Partez du principe que les ressources qui viendront financer vos emplois viennent d’un PEA. Et que par définition, cet argent qui vous est « confié » vient de personne dont le profil de risque a été identifié et accepté par ces dernières. Un euro placé au sein d’un PEA n’est pas là (ou ne devrait pas y être) pour des raisons strictement fiscal. Et encore moins par hasard.
Cet euro est là pour un bon moment. Vos investisseurs sont donc conscients du temps que la sortie de votre capital prendra. Mieux encore : ils l’acceptent.

Pour autant, la sortie ne doit pas être remise à la saint Glinglin. Contrairement aux marchés financiers, la souscription de titres non cotés n’est pas réglementée, c’est un domaine que vos investisseurs ne maitrisent pas et qui, par ricochet, fait peur. Car une des particularités du non cotée réside dans la « non liquidité » des titres. Vos nouveaux entrants connaissent la date d’entrée à votre capital et le prix qu’ils payent, mais ils ne savent généralement pas exactement quand et à quel prix ils ressortiront. Donc, encore plus qu’ailleurs, sachez tourner cet inconvénient en avantage. Soyez rassurant et imaginatif.

Imaginez un peu : hormis les principes de base attachés au droit des sociétés, il n’y a pas de règles en la matière. C’est à vous de dicter vos « lois », en collaboration bien sûr avec vos futurs nouveaux partenaires.
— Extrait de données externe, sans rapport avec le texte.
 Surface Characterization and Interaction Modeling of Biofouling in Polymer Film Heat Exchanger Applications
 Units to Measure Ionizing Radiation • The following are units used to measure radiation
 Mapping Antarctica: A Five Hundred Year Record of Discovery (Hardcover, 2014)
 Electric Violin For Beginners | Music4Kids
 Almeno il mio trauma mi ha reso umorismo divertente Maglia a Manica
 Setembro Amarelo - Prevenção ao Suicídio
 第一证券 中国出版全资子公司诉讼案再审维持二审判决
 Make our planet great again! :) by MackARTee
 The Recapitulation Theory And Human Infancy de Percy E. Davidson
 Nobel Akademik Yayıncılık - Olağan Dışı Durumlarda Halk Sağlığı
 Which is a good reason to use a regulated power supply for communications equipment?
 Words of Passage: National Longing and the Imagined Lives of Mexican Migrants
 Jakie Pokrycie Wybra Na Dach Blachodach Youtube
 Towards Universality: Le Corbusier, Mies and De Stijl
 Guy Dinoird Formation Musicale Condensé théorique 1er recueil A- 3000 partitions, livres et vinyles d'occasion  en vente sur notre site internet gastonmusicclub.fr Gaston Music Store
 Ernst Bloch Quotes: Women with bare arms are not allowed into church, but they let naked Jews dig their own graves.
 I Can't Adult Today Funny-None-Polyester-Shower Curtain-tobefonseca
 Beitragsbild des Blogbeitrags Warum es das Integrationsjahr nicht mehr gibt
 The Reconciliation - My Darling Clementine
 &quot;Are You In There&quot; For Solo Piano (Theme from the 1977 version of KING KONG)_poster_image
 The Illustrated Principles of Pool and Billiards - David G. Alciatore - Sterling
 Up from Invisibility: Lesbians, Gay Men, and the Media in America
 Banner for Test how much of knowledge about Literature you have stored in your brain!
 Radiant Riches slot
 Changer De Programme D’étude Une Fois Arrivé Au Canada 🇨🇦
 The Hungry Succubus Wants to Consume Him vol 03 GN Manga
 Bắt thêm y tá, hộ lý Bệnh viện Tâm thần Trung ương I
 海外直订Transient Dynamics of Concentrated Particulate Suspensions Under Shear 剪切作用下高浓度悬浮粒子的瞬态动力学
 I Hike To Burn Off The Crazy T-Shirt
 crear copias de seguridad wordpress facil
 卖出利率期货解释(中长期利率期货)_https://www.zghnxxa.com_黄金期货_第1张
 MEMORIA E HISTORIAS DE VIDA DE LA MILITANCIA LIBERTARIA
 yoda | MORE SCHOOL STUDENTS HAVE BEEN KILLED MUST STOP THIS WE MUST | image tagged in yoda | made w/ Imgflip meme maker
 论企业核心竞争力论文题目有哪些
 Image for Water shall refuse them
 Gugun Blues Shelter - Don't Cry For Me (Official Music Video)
Par exemple, imposez-vous des dates de sorties de vos investisseurs. Ils seront heureux de savoir que tous les 12 mois, ils récupèreront une partie de leurs liquidités. Cela leur permettra de rentrer dans de nouveaux projets et de ne pas immobiliser leurs capitaux sur une seule entreprise.

A quel prix ? Déterminez le et mettez-vous d’accord.

Si votre projet fonctionne comme vous le souhaitez, voire mieux, déterminez un indicateur selon lequel, si vous y gagnez, ils y gagneront. Et n’hésitez pas à les gratifier « correctement ». C’est aussi grâce à eux que vous en êtes là.
Et si c’est le contraire qui vous tombe dessus, pas de panique. Rappelez-vous que vos « accompagnateurs » ont accepté le risque inhérent à votre activité… Et que contrairement à votre banquier, ils ne viendront pas chercher votre résidence principale. C’est ça l’avantage du non coté. Et plus particulièrement au sein du PEA.

Le PEA PME, comme le PEA classique, poursuit intrinsèquement des objectifs à long terme. C’est leur raison d’être.
L’investissement en action non cotée est le véhicule qui colle le mieux à cet objectif. C’est une évidence et contrairement aux idées reçues, le PEA n’est pas une enveloppe destinée à boursicoter. Il n’est donc pas l’apanage des courtiers, des brokers en ligne ou de votre banque.

5 millions de PEA peuplent notre pays. C’est 1 actif sur 5. Tous, quasiment, sont persuadés qu’un PEA est destiné à être utilisé au profit des marchés financiers. C’est FAUX. Les liquidités inscrites au sein des PEA vous sont destinés à vous Entrepreneur. A vous qui créez de la valeur, de la croissance et donc des emplois.

L’occasion d’engager un réel virage est trop belle. Les épargnants qui vous entourent doivent devenir de vrais investisseurs. Vous en avez besoin. Et eux aussi.